Similarly, using heat pumps is more efficient than converting gas boilers to hydrogen. More attention should also be given to organic alternatives to nitrogen fertilizers.

But there are several critical sectors that have few economically viable zero-carbon alternatives to green hydrogen and its derivatives, including shipping and long-haul aviation, chemicals, and the steel industry.

Zero emissions

Despite the hype, it’s clear that many industries will need massive amounts of clean hydrogen to achieve net-zero emissions by 2050.

To illustrate the scale of the challenge, Michael Liebrich, founder of Bloomberg New Energy Finance, recently estimated that replacing hydrogen – produced from fossil fuels – would require 143% of the wind and solar power the world currently has.

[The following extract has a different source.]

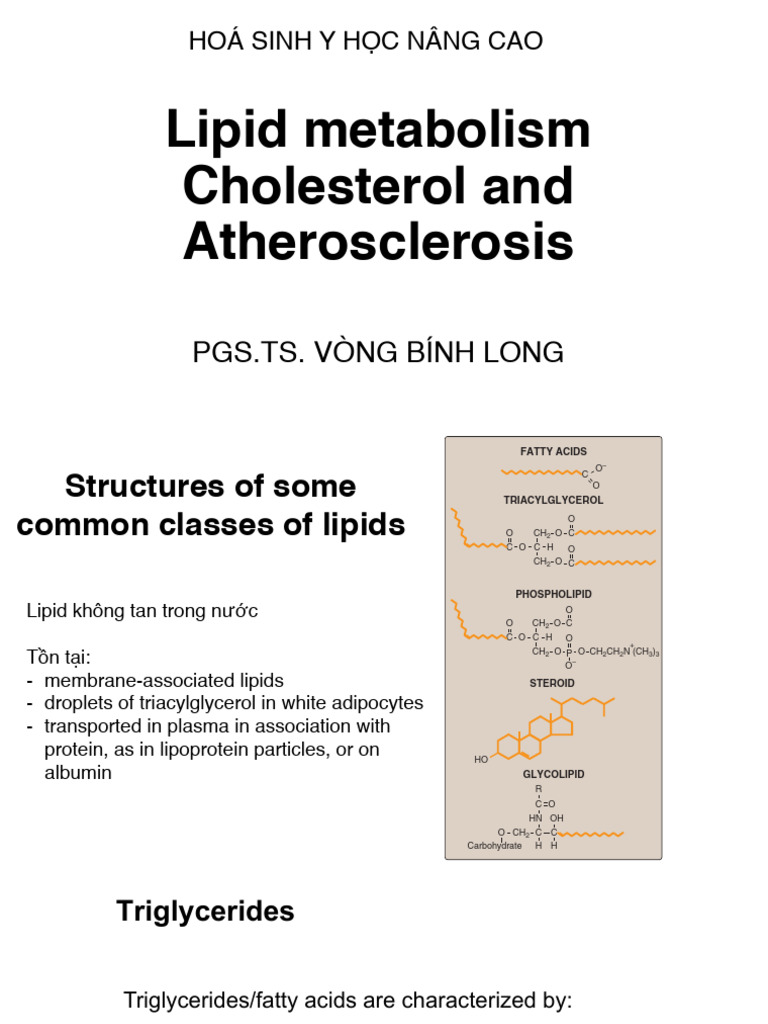 Lipid Metabolism and Atherosclerosis Insights | PDF | Lipid | Lipoprotein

Many countries in the Global South have been blessed with global potential of solar and wind power, enabling them to produce green hydrogen at very low cost. Some, like Namibia, have built their industrial development strategy around this competitive advantage.

But how can international trade in green hydrogen and its derivatives become a path to prosperity? How can developing countries avoid the green extraction trap and ensure that trade is fair and sustainable?

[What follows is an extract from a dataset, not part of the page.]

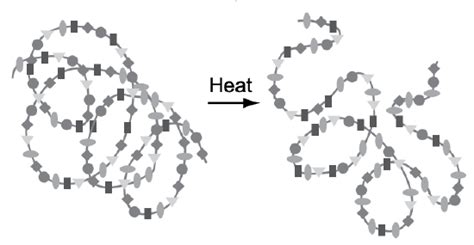 8.3: The Proteins in Our Food - Chemistry LibreTexts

A series of consultations and studies in Chile, Argentina, Brazil, Colombia, South Africa, Morocco and Tunisia have explored these questions at length.

A new report from the Heinrich Böll Foundation and Bread for the World summarizes their findings, highlighting the need to do no harm.

Green hydrogen dream

To prevent the dream of green hydrogen from becoming a nightmare, the sector must be developed with regional planning, clear standards and policies, as well as upholding communities’ right to prior informed consent.

To deliver on the promises of post-fossil-fuel development and promote sustainable economies, governments must develop ambitious and realistic industrial strategies. These strategies must be embedded in a systemic approach to sustainable development and the energy transition, with consideration for how hydrogen is used – not just who can pay for it.

None of this will happen by itself. Achieving a sustainable future is a political choice that requires leadership and collaboration.

Many countries can help make fair and sustainable trade in green hydrogen a reality. Namibia, Chile, Colombia and now (under President Luiz Inácio Lula da Silva) Brazil, for example, have the right political conditions to balance green hydrogen production with strong environmental and social standards. Over time, Argentina and South Africa can join this list and become producer countries.

As a potential major importer and consumer of green hydrogen, Germany will need to form partnerships with producing countries, based on strong environmental and social criteria.

Given its progressive government, it is expected to treat its long-term partners not only as resource providers, but as fellow travelers on the journey toward sustainable and inclusive prosperity.

To this end, Germany and other energy importers should support exporting countries in their efforts to localize value creation.